The four characteristics (brahma viharas in Pali) are usually stated as loving-kindness, sympathetic joy, compassion and equanimity. There are two of these translations that don't sit quite right for me. The first, and the one I want to focus on here, is 'loving-kindness' (metta in Pali). I've even heard this translated, or should I say mis-heard as love and kindness :-). Jason Siff and others translate it slightly differently as 'friendliness'. For me, this is a much more helpful translation for the secular world. (For completeness' sake, the other one I'd like to adjust for the modern world is 'sympathetic joy' - I think 'empathic joy' communicates the meaning slighly better.)
There are two main reasons I prefer 'friendliness' to 'loving-kindness'. First, loving-kindness sounds pious to me and therefore inaccessible. It sounds like something only saints feel. It is a very strong term - not only are you feeling kindly but you're feeling loving towards the person you're being kind to. It actually conjures images for me of someone in flowing robes with a halo sitting softly above their head, gazing gently at a child. It doesn't feel realistic or accessible for a normal human being. It also feels like something that is only appropriate to show to certain people - children and other lesser beings. The idea of showing 'loving kindness' to a burly biker for example doesn't seem to fit. However being friendly with him, I can do.

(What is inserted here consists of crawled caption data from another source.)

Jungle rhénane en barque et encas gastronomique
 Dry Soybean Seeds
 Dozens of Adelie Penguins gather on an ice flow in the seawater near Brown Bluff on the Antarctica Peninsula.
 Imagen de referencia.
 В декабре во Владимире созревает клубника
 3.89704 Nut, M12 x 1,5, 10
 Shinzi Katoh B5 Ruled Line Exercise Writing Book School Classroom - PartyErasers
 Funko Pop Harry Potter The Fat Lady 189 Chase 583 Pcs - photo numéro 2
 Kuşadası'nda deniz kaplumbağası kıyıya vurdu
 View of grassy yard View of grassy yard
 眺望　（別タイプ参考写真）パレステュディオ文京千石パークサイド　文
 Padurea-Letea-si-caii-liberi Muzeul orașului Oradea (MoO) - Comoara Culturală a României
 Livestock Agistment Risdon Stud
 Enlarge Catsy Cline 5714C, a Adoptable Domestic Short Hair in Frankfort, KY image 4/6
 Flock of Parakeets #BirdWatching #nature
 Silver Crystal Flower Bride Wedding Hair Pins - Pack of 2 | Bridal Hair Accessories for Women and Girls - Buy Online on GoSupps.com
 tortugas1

That brings me to the second reason. If I don't know that feeling, if it's not accessible to me, then it's pretty hard to cultivate it. My guess is most people could point to some interaction in the past day, or at least the past week, that was motivated by and characterised by friendliness. As I've observed my own experience over the past few years I've found that whenever I'm not caught up in my own hungers for things, my natural state is actually quite friendly. This is an important point because it means I can observe the causes and conditions of friendliness in my own life, I can focus on and really take in the feeling when it's present (see some practical tips for this in Rick Hanson's 'Buddha's Brain'), and in doing so naturally incline my body/mind to that attitude. That feels very do-able because I know the feeling of friendliness. When I think of 'loving-kindness' I have nothing to work with as I just don't feel saintly enough.
There is a well known Buddhist guided meditation that focuses on metta. It too, has never felt quite right to me. It says things like 'may all beings be well and happy'. As I hear these words I always feel incredulous because I know darned well that all beings are not well and happy - indeed the very wellness and happiness of many creatures relies upon other creatures being captured and eaten. My understanding is that the idea of this meditation is to strengthen the well-wishing muscle (neural connections in our brain really). This idea isn't without its merit but I think I need to find other words that feel more realistic.
Has anyone written their own 'metta meditation' that works for them? If so, I'd love to hear it.